Why Transform: Translate Is Faster

transform: translate(x, y) does not change the element's layout box. The browser computes layout once (where the "reserved seat" is), and then it applies the transform visually during the Composite stage.

Because compositing can often happen on a separate compositor thread (sometimes GPU-accelerated), updating transforms can be much cheaper than triggering layout and paint repeatedly.

This is why transform is the go-to property for animations and frequent repositioning. It skips the expensive layout and paint steps in many cases.

What Does "Layout Space vs Visual Space" Actually Mean?

This was the concept that finally clicked for me.

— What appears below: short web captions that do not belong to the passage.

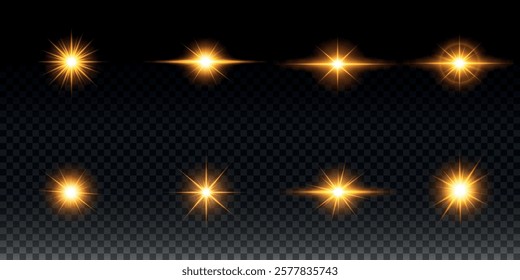 Golden light vectors.Bright gold star.Light flash.Gold glitter.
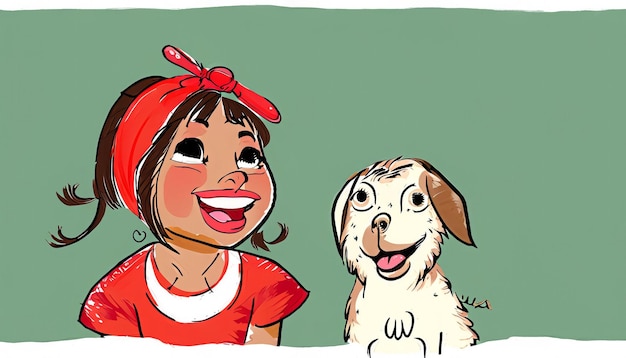 Joyful Bond HandDrawn Cartoon Ilustración de un niño y un perro mascota divirtiéndose junto con Simple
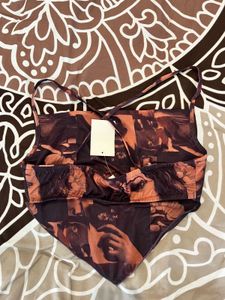 Boho Print Corset Top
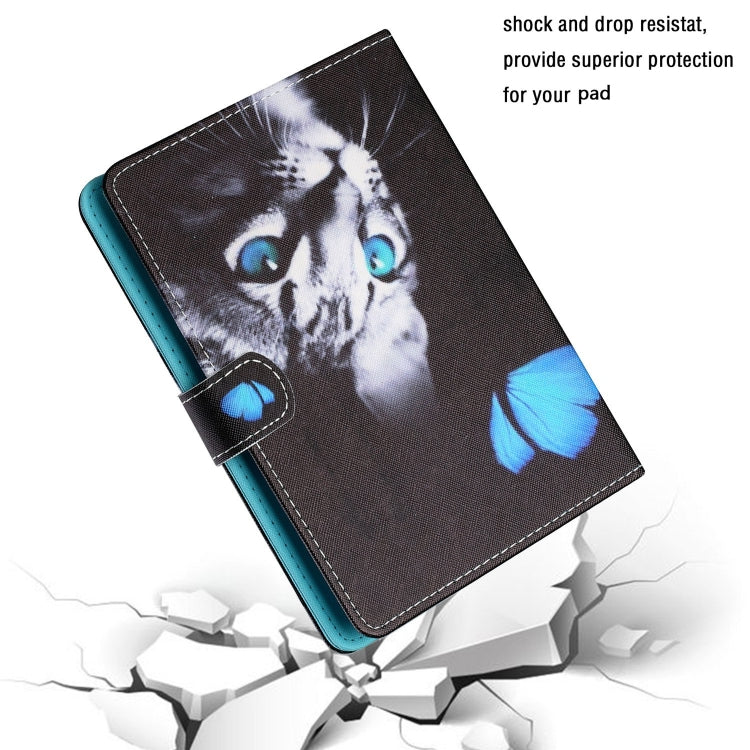 For 10 inch Tablet PC Universal Colored Drawing Horizontal Flip Leather Case with Holder & Card Slots(Butterfly Cat) - 10 - 11 inch by PMC TechLife | Online Shopping South Africa | PMC TechLife | Buy Now Pay Later Mobicred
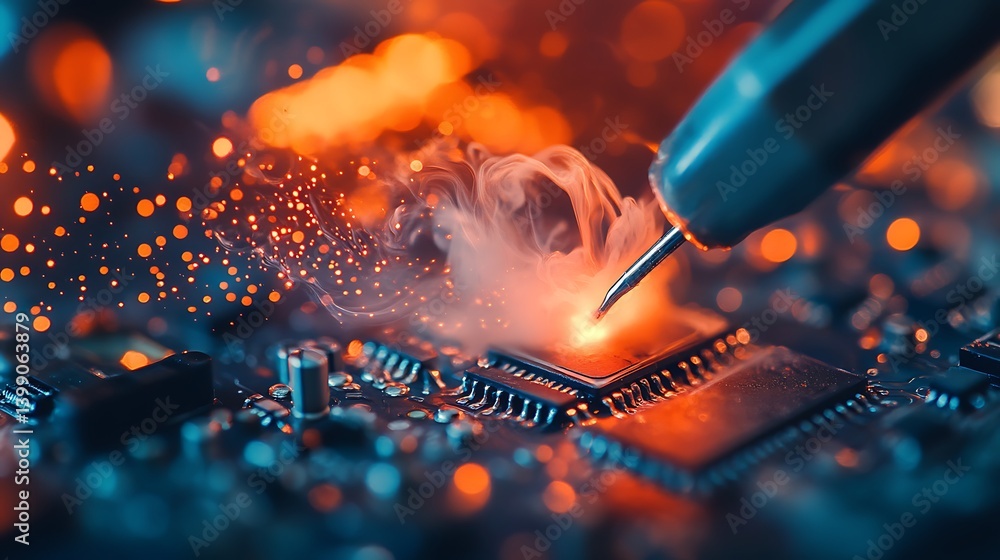 Poster close-up of soldering process on a circuit board, with sparks and smoke creating a dynamic atmospher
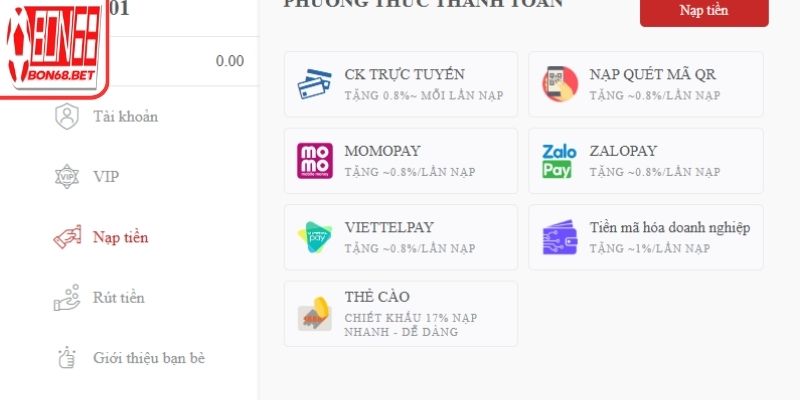 Nạp tiền Bon68 – Hướng Dẫn Thao Tác Chi Tiết Cho Người Mới 2 Các phương thức nạp tiền Bon68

When you use top/left, you are changing where the browser thinks the element's box is during layout. If you move element A with top/left, other elements might reflow around it (depending on positioning context).

When you use transform: translate(), you are keeping the layout box in the same place, but rendering the pixels somewhere else. That is why translated elements can overlap siblings without pushing them away. The layout "seat" stays reserved in the original spot, but the element is drawn offset from there.

A quick way to test this: put two inline-block divs side by side. Apply transform: translateX(50px) to the first one and it will overlap the second. Apply margin-left: 50px instead and the second will get pushed because layout space changed.

side by side comparision of using translate and margin

So Why Does Google Photos Use Translate for "Static" Images?

Google Photos is not actually static. Here is what is happening behind the scenes:

Scrolling: as you scroll, the positions of visible tiles may need to shift (especially during smooth scroll or inertial scrolling).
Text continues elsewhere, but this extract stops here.